How to make good use of BFS for sub milisecond execution?

I have an implementation of BFS that works just fine, but seems to get really CPU heavy, even at low depth (sub ms for a depth of 4 but 10 ms for a depth of 10). I'm quite confident that this algorithm should run sub ms event at a depth of 100 but i'm not quite sure what I'm missing.

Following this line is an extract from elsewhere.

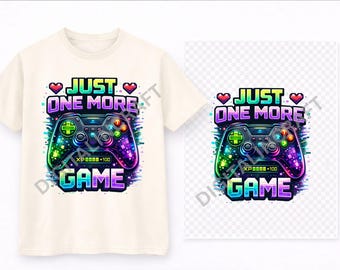 Diseño PNG para videojuegos / Frase divertida para gamers: "Solo un mando de videojuegos más" Gráfico para camiseta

Here's the code :

using System.Collections.Generic;
using System.Linq;
using UnityEngine;

public class VisionGraph : MonoBehaviour
    public Transform Ground;
    public int Height;
    public int Width;
    private MeshFilter mf;
    public Vector3[] Vertices;
    public float precision;
    public Vector3 SelectedVertex;

    // Start is called before the first frame update
    private void Start()
        mf = Ground.GetComponent<MeshFilter>();
        Matrix4x4 localToWorld = transform.localToWorldMatrix;

        Vector3 world_max = localToWorld.MultiplyPoint3x4(mf.mesh.vertices[0]);

        Width = Mathf.RoundToInt(world_max.z * (1 / precision));
        int maxIndex = Mathf.RoundToInt((world_max.z * (1 / precision)) * (Height * (1 / precision)) * world_max.x);
        Vertices = new Vector3[maxIndex];
        //This is the graph initialization. 
        //Indices increment by 1 while actual coordinates increments by `precision`. 
        //Indices are then reversed to coordinates in BFS with `position/precision`.
        int xInd, yInd, zInd; xInd = yInd = zInd = 0;
        float x, y, z; x = y = z = 0;

        int index = 0;

        while (index < Vertices.Length - 1)
            index = (yInd * (Width * Width)) + (zInd * Width) + xInd;

            Debug.Log(index + " " + maxIndex);
            Vertices[index] = new(x, y, z);
            x += precision;

            if (x > world_max.x)
                x = 0;
                xInd = 0;
                z += precision;

                if (z > world_max.z)
                    z = 0;
                    zInd = 0;
                    y += precision;

        SelectedVertex = Vertices[600];

    private void OnDrawGizmos()
        // Needs to be turned into retrieve index from position.
        // but i'm not sure how to clamp the continuous position to `precision` steps.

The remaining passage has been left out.